### EXTRACTED DATA
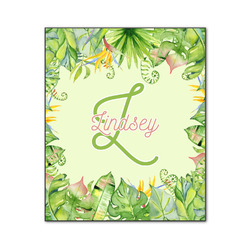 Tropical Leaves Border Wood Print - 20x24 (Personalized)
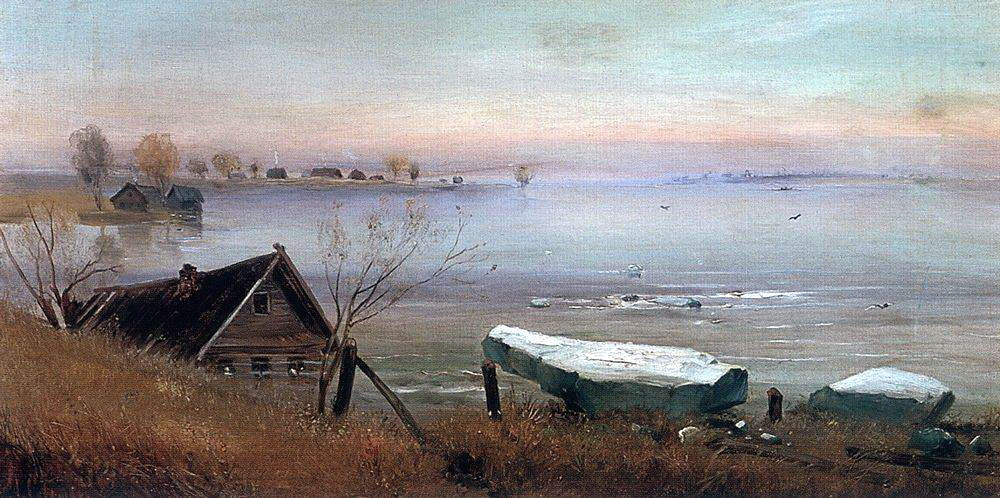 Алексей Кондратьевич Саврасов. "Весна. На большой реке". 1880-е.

---

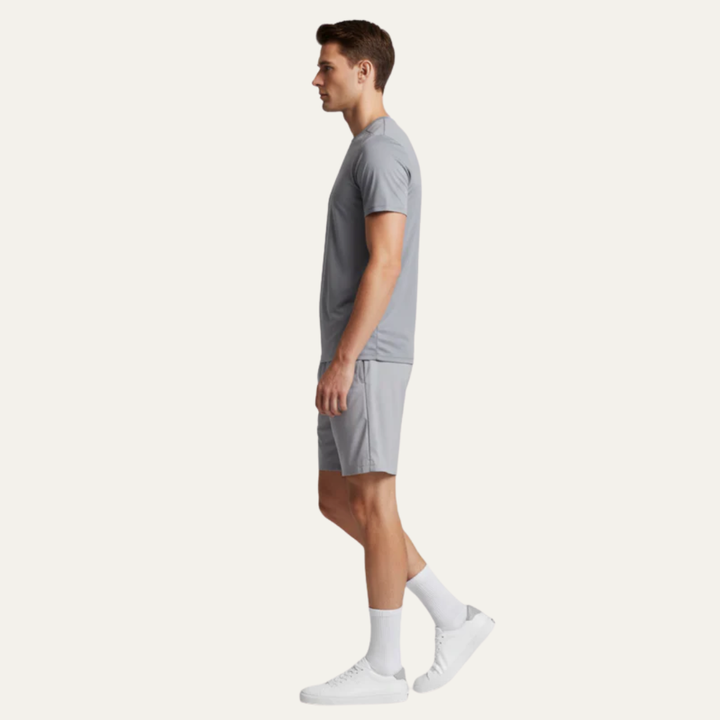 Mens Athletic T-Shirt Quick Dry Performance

### PROBLEM
Could the stretch from the line with "Tropical Leaves Border" through the line with "Алексей Кондратьевич Саврасов." in the listing above be restated word for word, minus the pictures?

### WRITTEN REPLY
 Tropical Leaves Border Wood Print - 20x24 (Personalized)
 Алексей Кондратьевич Саврасов. "Весна. На большой реке". 1880-е.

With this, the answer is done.